Por lo tanto: *1000W AES power handling*

"1000 vatios de potencia admisible cuya prueba de potencia se hace conforme a una de las normas de la AES".

Eso es lo que yo entiendo de esa especificación. De verdad no conseguí donde especificara que se realizo según la norma AES2-1984.

De todas maneras ese woofer lo escogí _al voleo_. 

Pasemos la página con 18Sound y veamos B&C.

.

Sobre B&C encontré este documento: Manejo de Potencia - B&C

Y particularmente sobre este woofer: 18TBX100 









*2)* 2 horas de prueba con señal continua de ruido rosa (factor de cresta 6dB). Potencia calculada sobre la impedancia nominal mínima.

--------------------------

Ademas los encontré hasta de 1.500W AES 18SW100

Y si llegan a tener dudas de la fuente de los enlaces (no oficiales de la marca) de arriba: http://www.bcspeakers.com/page.php?id=54


*Frequently Asked Questions*

*How does B&C calculate their power ratings?*

- B&C Speakers specified Nominal Power Handling is measured according to AES2-1984 standard. The transducer under test is driven for a two hour period with pink noise signal, having a crest factor of 2 (i.e. 6 dB) and filtered to the working range of the transducer itself (for instance, a 50-500 Hz range is typical for woofer testing). Cone loudspeakers with ferrite magnets are tested in free air, while neodymium magnet speakers are mounted in a box whose characteristics (volume and tuning) are described in their technical specifications. Compression drivers are coupled to their recommended horn. Power is calculated using the RMS value of applied voltage – averaged over the test period – and the minimum value of electrical impedance within the working range of the loudspeaker. After the test, the transducer must be in working order, without permanent impact on its technical performance. 

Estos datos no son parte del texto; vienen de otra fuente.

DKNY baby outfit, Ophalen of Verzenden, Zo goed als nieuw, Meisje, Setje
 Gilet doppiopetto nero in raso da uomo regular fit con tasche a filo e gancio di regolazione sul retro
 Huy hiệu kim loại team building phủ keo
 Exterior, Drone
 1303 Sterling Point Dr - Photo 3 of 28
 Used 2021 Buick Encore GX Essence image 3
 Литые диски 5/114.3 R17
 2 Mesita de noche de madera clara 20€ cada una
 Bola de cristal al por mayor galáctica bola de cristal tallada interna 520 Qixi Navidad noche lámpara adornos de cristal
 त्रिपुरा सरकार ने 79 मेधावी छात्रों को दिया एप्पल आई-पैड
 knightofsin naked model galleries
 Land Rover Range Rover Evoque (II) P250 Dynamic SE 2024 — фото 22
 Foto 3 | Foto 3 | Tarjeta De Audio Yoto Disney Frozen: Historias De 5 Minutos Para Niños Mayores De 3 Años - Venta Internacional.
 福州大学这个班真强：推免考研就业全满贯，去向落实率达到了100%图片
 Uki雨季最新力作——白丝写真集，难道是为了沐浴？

Due to the transient character of most musical programs, whose crest factor is commonly above 8 - 10 dB, it is customary to specify a “Continuous Program Power Handling”, double the Nominal Power Handling, as a recommended amplifier power in order to fully exploit the thermal and mechanical capabilities of the transducer without any clipping in the amplifier stage. On the contrary, when the amplifier is pushed to its limits and shows frequent saturation, its power specification should be less than the rated Nominal Power Handling of the loudspeaker.


PD: en este último párrafo también dice algo sobre la potencia y aquello que se discutía originalmente.


----------



## Dr. Zoidberg (Mar 20, 2010)

Mirá Yoangel:

Acá hay una cosa MUY IMPORTANTE y es que la forma en la que se especifica la capacidad de manejo de potencia de un parlante NO ES LA MISMA que se usa para la potencia RMS de un amplificador.

En el parlante, como ya has visto, la prueba es con ruido rosa, acotado en frecuencia a la banda útil del transductor y con un factor de cresta (digamos...rango dinámico) de 6dB. Esa es una prueba bastante exigente, pero no se puede comparar al ensayo de potencia de un amplificador con una onda senoidal pura a 1kHz, que estresa al amplificador, a la fuente y a la carga.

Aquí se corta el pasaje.